Is anyone can provide example how to create zip file from csv file using Python/Pandas package? Thank you
4 Answers
Use
df.to_csv('my_file.gz', compression='gzip')
From the docs:
compression : string, optional a string representing the compression to use in the output file, allowed values are ‘gzip’, ‘bz2’, ‘xz’, only used when the first argument is a filename
See discussion of support of zip files here.
1 Comment
In the to_csv() method of pandas, besides the compression type (gz, zip etc) you can specify the archive file name - just pass the dict with necessary params as the compression parameter:
compression_opts = dict(method='zip',
archive_name='out.csv')
df.to_csv('out.zip', compression=compression_opts)

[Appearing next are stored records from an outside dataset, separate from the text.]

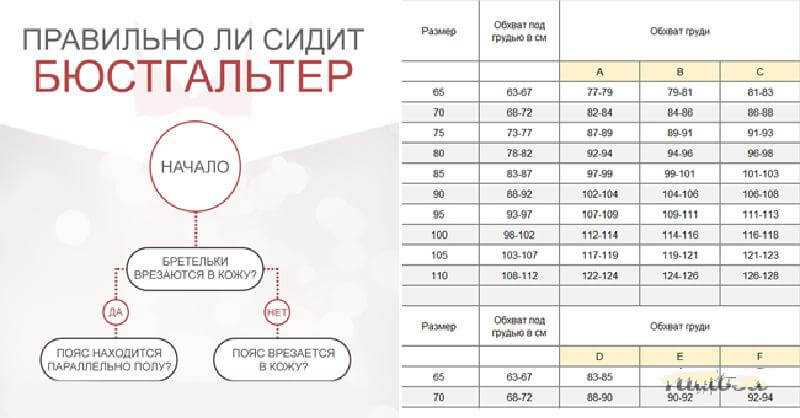 Виды женского нижнего белья, все типы (с фото): корсеты, бюстгальтеры, трусы, комбинации.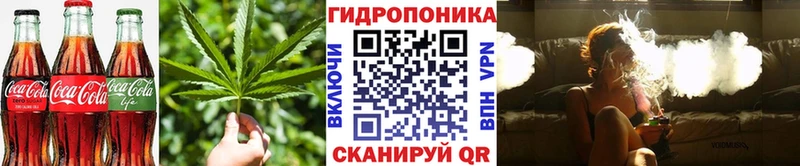 гидра ТОР Абаза Canna-Cookies конопля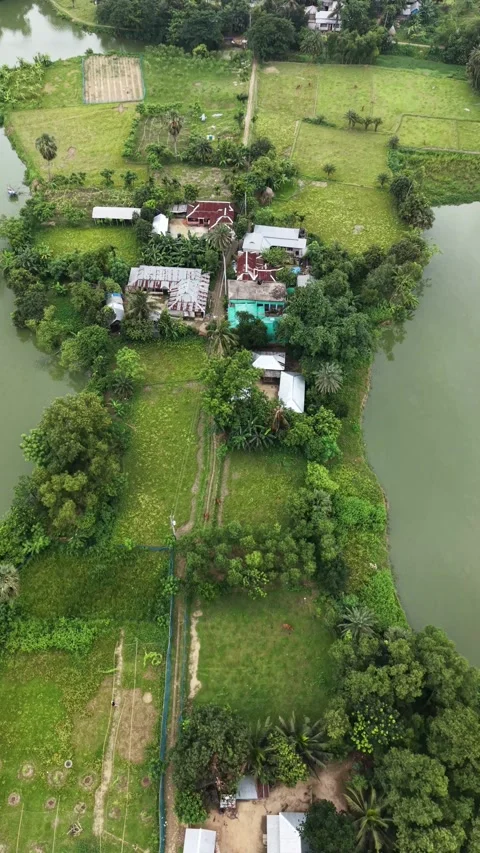 Vertical aerial view of a green peninsula surrounded by a calm river stream Stock Footage 341526273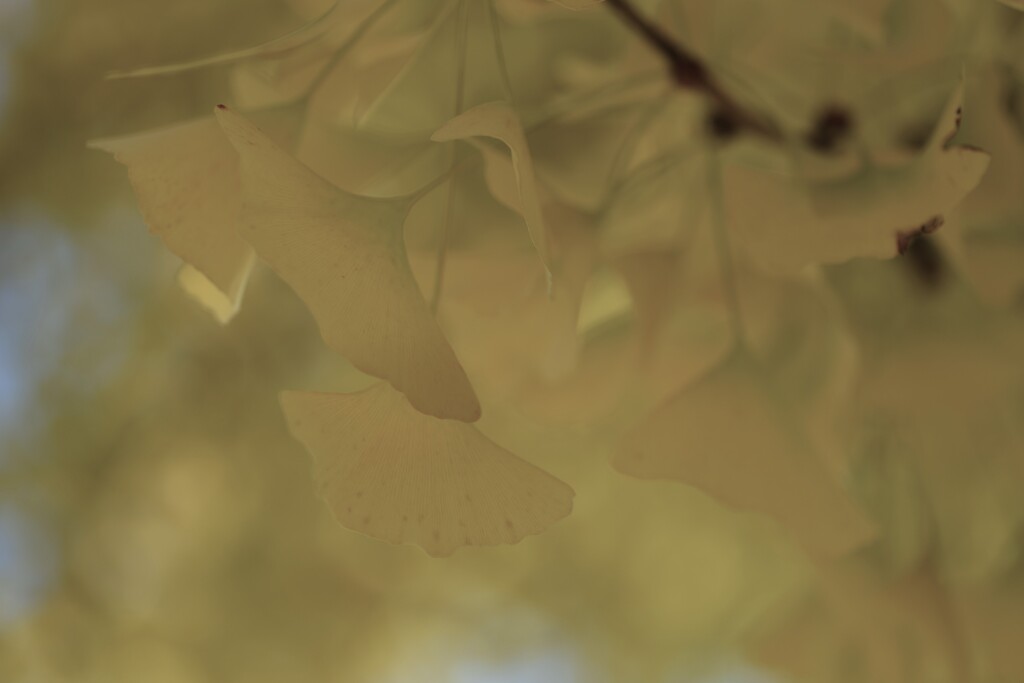 一夜の夢　①。。。！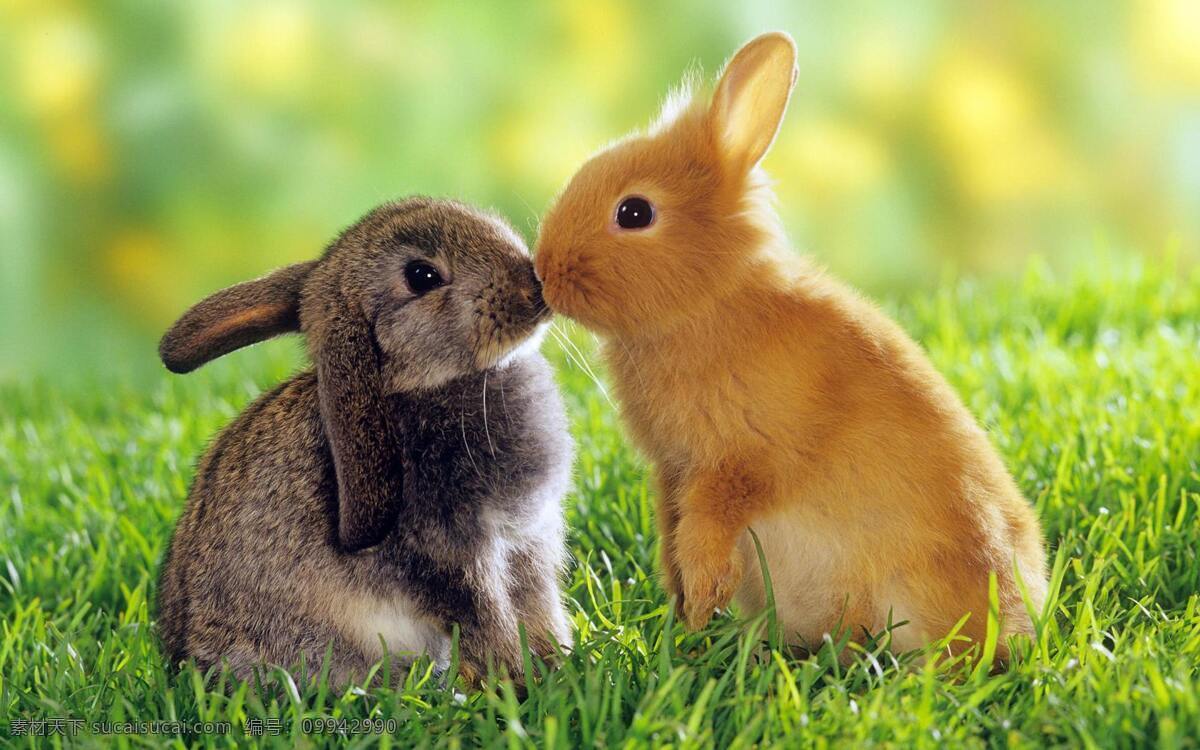 kiss兔 高清宠物 接吻兔 小兔子 可爱兔 萌兔 生物世界 家禽家畜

In the example above, the first argument of the to_csv method defines the name of the [ZIP] archive file, the method key of the dict defines [ZIP] compression type and the archive_name key of the dict defines the name of the [CSV] file inside the archive file.
Result:
├─ out.zip
│ └─ out.csv
See details in to_csv() pandas docs
Comments
The Pandas to_csv compression has some security vulnerabilities where it leaves the absolute path of the file in the zip archive on Linux machine. Not to mention one might want to save a file in the highest level of a zipped file. The following function addresses this issue by using zipfile. On top of that, it doesn't suffer from pickle protocol change (4 to 5).
from pathlib import Path
import zipfile
def save_compressed_df(df, dirPath, fileName):
"""Save a Pandas dataframe as a zipped .csv file.
Parameters
----------
df : pandas.core.frame.DataFrame
Input dataframe.
dirPath : str or pathlib.PosixPath
Parent directory of the zipped file.
fileName : str
File name without extension.
"""
dirPath = Path(dirPath)
path_zip = dirPath / f'{fileName}.csv.zip'
txt = df.to_csv(index=False)
with zipfile.ZipFile(path_zip, 'w', zipfile.ZIP_DEFLATED) as zf:
zf.writestr(f'{fileName}.csv', txt)
1 Comment
compression argument accepts a dictionary which can specifiy the archive_name inside the zip archive. This works only for zip archives though, for gzip you have to use df.to_csv("/tmp/df.csv.gz", compression="gzip").